** Supplied material follows **
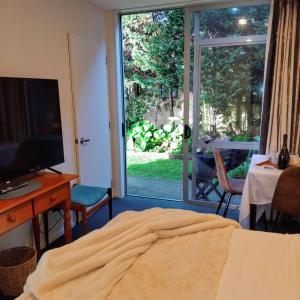 a bedroom with a bed and a desk and a sliding glass door at Whitianga Coastal Stay, Cosy Studio at Oceans Resort in Whitianga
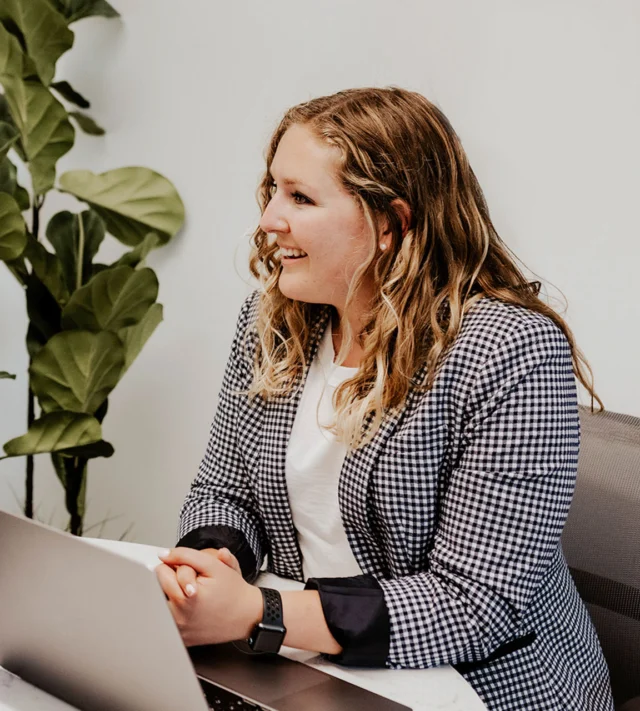 Person with long hair, in a checked blazer, sits at a desk with a laptop, smiling. There's a plant in the background against a white wall.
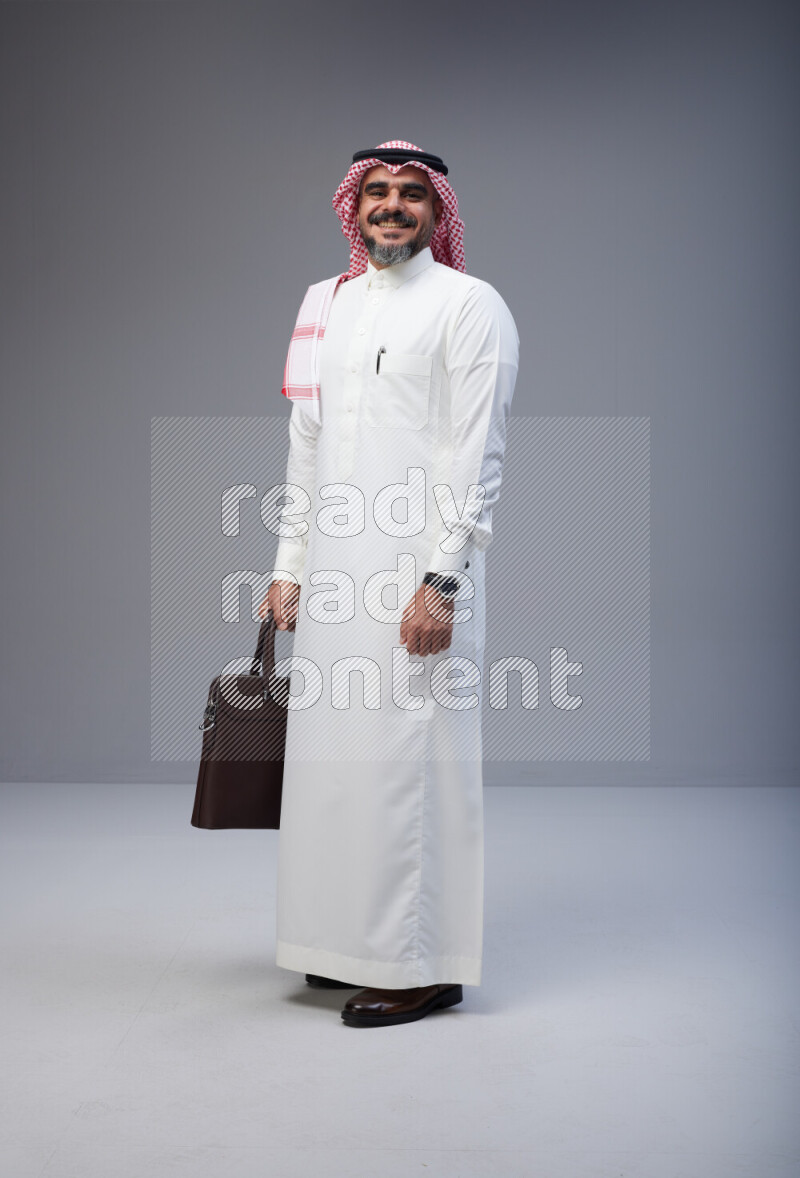 Saudi man Wearing Thob and red Shomag standing holding bag on Gray background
** End of Supplied material **
Your reply should give again exactly the lines from the one with "Person with long" through the last line of the data, with both ends included and pictures left out.

#### [Response to the exercise]
 Person with long hair, in a checked blazer, sits at a desk with a laptop, smiling. There's a plant in the background against a white wall.
 Saudi man Wearing Thob and red Shomag standing holding bag on Gray background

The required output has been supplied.